Detroit, Mich. —
On January 23, 2015, MCHR board members met with a U.S. State Department-sponsored International Visitor Leadership Program delegation from the Middle East and North Africa exploring Human and Civil Rights Advocacy and Awareness.
The delegation consisted of 16 individuals from Egypt, Iraq, Jordan, Kuwait, Mauritania, Palestinian Territories, Saudi Arabia, Sudan, Syria and Yemen. They met with board members at the International Institute in Detroit. Prior to their visit here, the delegation had made stops in Alabama and Washington D.C. and will finish their U.S. tour in Arizona.
The State Department had specific objectives for the delegation throughout its U.S. tour and meeting with the MCHR Board, including:
*Examining the historical context of human rights advocacy in the U.S.
*Illustrating the influence of human and civil rights activists on policy at national, state and local levels.
*Exploring the role and structure of associations, NGOs and religious groups in advancing civil rights and equal opportunity.
*Analyzing a variety of human rights concerns related to critical issues, including disability rights, freedom of press/religion/speech, access to education and due process.
The delegation consisted of 12 men and 4 women, most of them appearing to be in their 30s and early 40s, visiting the U.S. for the first time. The group included human rights attorneys, NGO executives, government employees, labor and refugee experts and advocates for women, children and the impoverished. All experienced, dedicated and enthusiastic activists working in a region characterized by some of most extreme and catastrophic human rights violations imaginable.
Through simultaneous translation, MCHR board members Cary McGehee, Abayomi Azikiwe, Kim Redigan, Eric Hood, Dorothy Aldridge, Saeed Khan, Marge Sears and Lila Cabell of the People’s Water Board addressed the delegation providing a brief overview of MCHR. This included: Our role in the community, history of MCHR, current issues/activities (cited participation/support for the People’s Water Board), regular events (film series, lectures, annual dinner), special events (Freedom Tours), and our use of publicity, the Internet and social media to promote human rights and MCHR. The delegates listened closely to each speaker and most took notes.
Then, through the interpreter, we listened for nearly two hours as individual members of the visiting delegation provided first-hand accounts of their work and challenges. They spoke to a number of serious (some shocking) human rights violations and situations in their regions, including:
*An Egyptian attorney pointed-out that Arab Spring has brought turmoil with its promise and that regular Egyptian citizens are not being represented in the government, which has become more oppressive (no matter who is in power). He deals with many freedom of the press/free speech issues and says the government has been arresting and illegally detaining more journalists and known activists. He said that this trip to the U.S. may very likely result in his own arrest upon returning to Egypt.
*A human rights activist and law professor from Mauritania and a teacher from Yemen said their countries still deal with a legacy of slavery and indentured servitude, long entrenched in their cultures. In their two countries, they said, there are over 3 million black people in slavery. For far too many in the West, these accounts of slavery in the year 2015 are simply incredulous.
*An attorney with the Palestinian Bar Association’s legal clinic said she and others have filed over 100 lawsuits against the Israeli government for the wrongful deaths and injuries of Palestinians and the destruction of homes and property during Israel’s latest military action.
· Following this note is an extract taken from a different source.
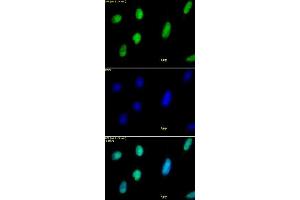 Histone H2AX antibody tested by immunofluorescence. (H2AFX anticorps  (C-Term))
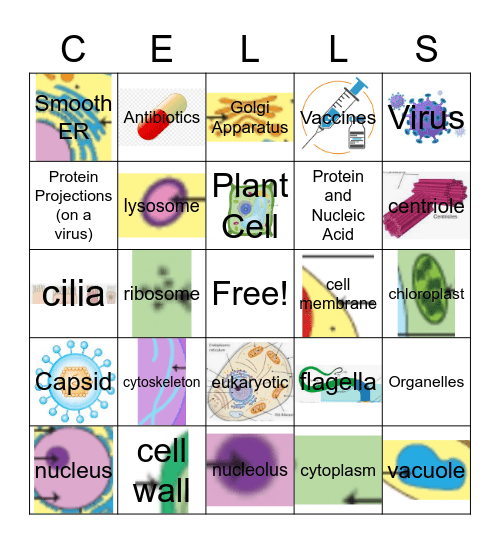 Types of Cells and their Organelles Bingo Card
She said the cases must be brought in Israeli courts, where it is not only almost impossible to prevail, but equally difficult to actually be cleared to enter Israel and file a lawsuit. To date, three Palestinian plaintiffs have prevailed.
*Another attorney from Palestine talked about other possible actions, including the need to put international pressure on the Israeli government to change its Palestinian policies. This led to a discussion on the various BDS initiatives being undertaken by U.S. and European groups. She said that U.S. support of this type is much needed and
*An attorney from Jordan expressed deep concern about the negative impact of terrorist actions on Islam and all Muslims. He says Islamaphobia has worsened as religious terrorist violence continues and that politics has hijacked Islam.
*A number of delegates also described serious water availability and water rights issues in their countries. Problems include both water scarcity and competing political and corporate interests vying for control of the resource, trumping the basic water rights of the people. Privatization interests and plans complicate the situation in the Middle East and North Africa, as well.
As the delegation’s members related their efforts to address the many extreme human rights violations in their region, each also expressed thanks and gratitude to MCHR for meeting with them and listening to their stories. Each delegation member who spoke also said that any kind of help or counsel would be much appreciated.
The human rights issues that these activists face are on a vast scale — and often appear to be overwhelming, nearly hopeless situations. But these people will go back home continue their efforts.
MCHR thanks the delegation for sharing their stories with us. Their visit and narrative clearly remind us – again — that the human rights struggle is universal and ongoing. As we consider the significance of their visit, the question for us should be: What can MCHR do to assist and support these extraordinary activists?